An interview with Eva Hoffman

Interview conducted by François Grosjean

Back in 1989, Eva Hoffman published her first book, Lost in Translation, a memoir about immigration, language loss, second language acquisition, and discovering a new land and a different culture. Her autobiography was to have a worldwide success - the Nobel prize winner Czeslaw Milosz called it "graceful and profound" - and it helped launch a new genre, the language memoir. To celebrate this blog's fifth anniversary, it was only fitting that we should ask Eva Hoffman if she would answer a few questions. She very kindly accepted to do so and we wish to thank her wholeheartedly.
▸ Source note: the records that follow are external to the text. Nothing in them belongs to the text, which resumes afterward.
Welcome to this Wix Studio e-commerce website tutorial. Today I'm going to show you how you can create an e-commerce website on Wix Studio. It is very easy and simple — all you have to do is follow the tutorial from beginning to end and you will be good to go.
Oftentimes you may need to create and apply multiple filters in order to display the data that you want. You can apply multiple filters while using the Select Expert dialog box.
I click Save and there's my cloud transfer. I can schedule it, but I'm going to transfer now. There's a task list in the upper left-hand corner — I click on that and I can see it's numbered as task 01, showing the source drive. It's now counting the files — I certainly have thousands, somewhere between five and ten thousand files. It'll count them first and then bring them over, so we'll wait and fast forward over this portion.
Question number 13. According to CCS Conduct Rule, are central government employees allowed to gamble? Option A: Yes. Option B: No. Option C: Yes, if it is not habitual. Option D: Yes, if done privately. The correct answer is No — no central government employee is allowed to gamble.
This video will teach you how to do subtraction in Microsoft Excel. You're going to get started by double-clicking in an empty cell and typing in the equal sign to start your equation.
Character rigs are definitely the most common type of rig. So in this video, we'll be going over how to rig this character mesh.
More than a quarter of a century has gone by since you published Lost in Translation. How do you consider it now after all these years and the success it has had?
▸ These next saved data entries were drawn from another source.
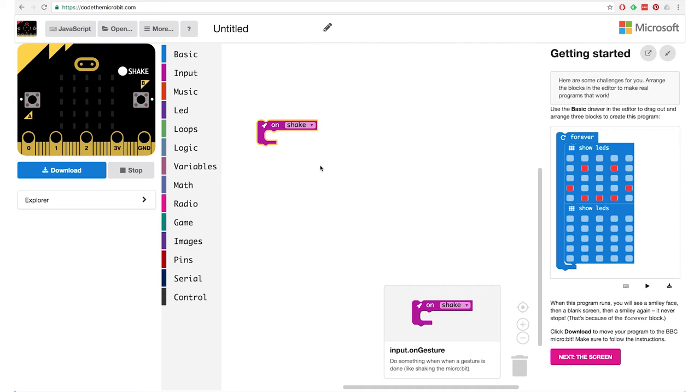Exactly. So we can use that and after that we want to show a number I guess, and then the number shown should be this random value from one to six. So where do we start? Let's start with the shaking part, the input.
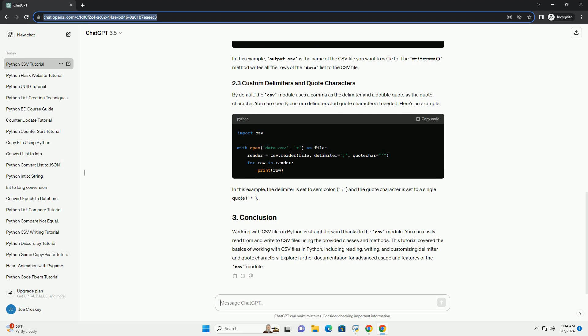In this example, the delimiter is set to semicolon and the quote character is set to a single quote. Working with CSV files in Python is straightforward thanks to the CSV module. You can easily read from and write to CSV files using the provided classes and methods.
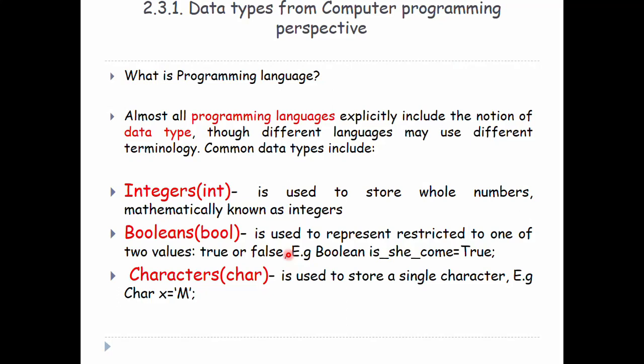If you have a character, you can have a character. The character data type is used to store a single character. In this character, it has a value and a symbol.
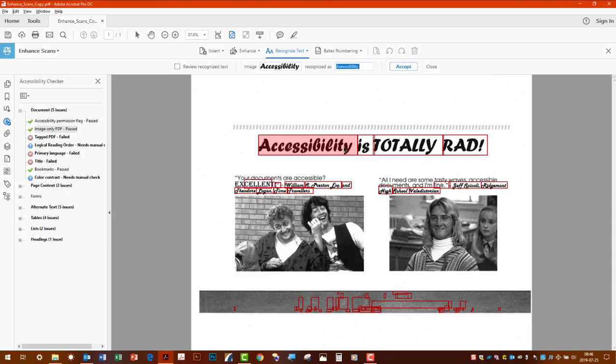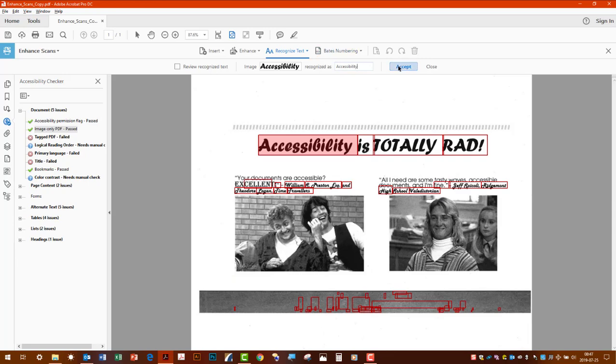What's happened is it's run the optical character recognition against the document and you can see right now everything in red that's considered a suspect where it ran the recognition program. It wasn't quite sure as you can see up here this is what it came out to be. Obviously that's not correct so you just correct it now and hit accept and you would just go through the document and review.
Occasionally, I’ve had to go back to it and reread parts of it – and I find that I have a double reaction: One is to wonder who wrote it; and the other is to think, “This is pretty good.” The success of the book was initially entirely amazing to me. When I was writing it, I didn’t know if it would be published, or whether anyone would understand, or care about, the experience I was trying to describe – the internal journey involved in emigration, and the process of translating yourself into another language and culture. But since then, of course, emigration and other cross-national movements have become one of the central phenomena of our time; and it seems that I identified something about that experience which many others understand -- perhaps in part, because I was writing about it innocently, so to speak; that is, by trying to capture my own perceptions as directly as possible, without thinking about previous literary models, or worrying about the book’s reception. What can I say, I was lucky.

Your book was presented as a "classically American chronicle of upward mobility and assimilation", but it is also a narrative of becoming bilingual and bicultural in adolescence. Is there any reason you do not use these words in your text: "bilingual" appears only once, as does "bicultural"?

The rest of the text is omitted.